As a group, they represented the achievements and aspirations of a cross section of tour life -- from 20-year-old politically minded college student Pigeon to 32-year-old Dalton, who worked as an accountant to subsidize her tennis career. At the center of it all was the charismatic and determined King, with Casals at her side.

WTA honors Original 9 and Gladys Heldman on 55th anniversary of $1 contracts

At a time when their male counterparts could be paid eight times as much, the players found a visionary advocate in Gladys Heldman, the savvy publisher of World Tennis magazine. Heldman called on her corporate and community contacts to stage the Virginia Slims Invitational at the Houston Racquet Club -- and women’s tennis was on its way.

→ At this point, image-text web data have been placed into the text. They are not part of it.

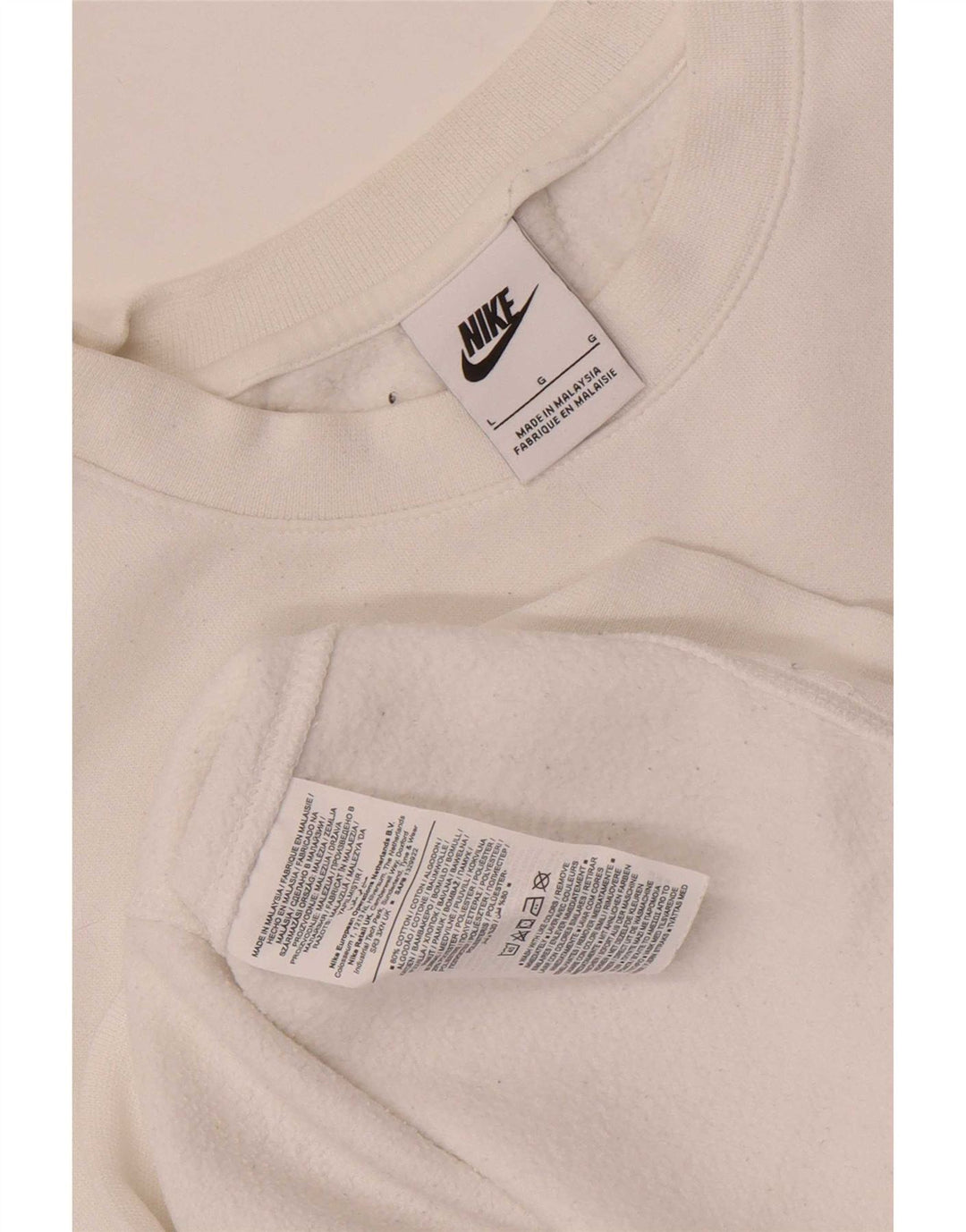 Nike Sweat-shirt pour homme en coton blanc Taille L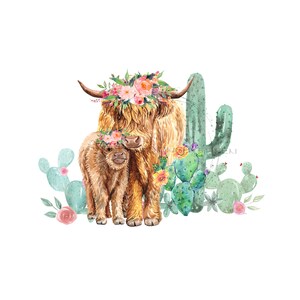 気まぐれな母と子のクリップアート - 愛情の絆、心温まるイラスト - 昇華PNGとJPG - ハイランド牛の即時ダウンロード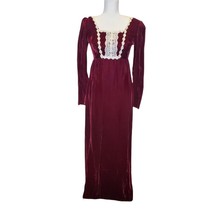 Vintage 60s 70s Wine Red Velvet Prairie Dress Crochet Trim Floor Length ... - £85.64 GBP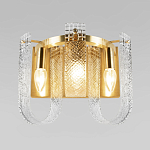Бра с металлическим основанием золотого цвета и хрустальными подвесками Textured Glass варинант исполнения - 2 | Loft Concept в Липецке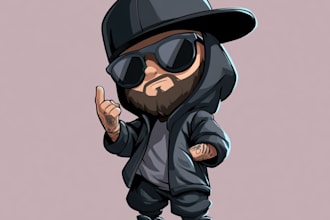 design unique cartoon mascot for gaming business and brand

Fifty-five years ago, on September 23, 1970, they made history together. Today, we revisit the individual journeys of the remarkable women who made up the Original 9.

A pioneer of the two-handed backhand and one of the great junior players of all time, Jane ‘Peaches’ Bartkowicz began collecting her haul of 17 US national titles at age 11 and kept it up through the 18s, typically winning her age bracket and the one above. In 1964, she also won the Wimbledon juniors at 15-years-old. As a professional, Bartkowicz reached the quarters at the US Open in 1968 and 1969, won the Canadian Open in 1968 and never lost a match when representing the United States. After retiring from the tour in her early twenties -- her son, Kevin, was born in 1973 -- Bartkowicz coached tennis before embarking on a career with the US Federal Court in Detroit. Proud grandmother to April, Bartkowicz has spoken openly about her challenging health issues, including a bone marrow transplant in 2015, and the strength she draws from her Original 9 “sisters” and wider WTA family.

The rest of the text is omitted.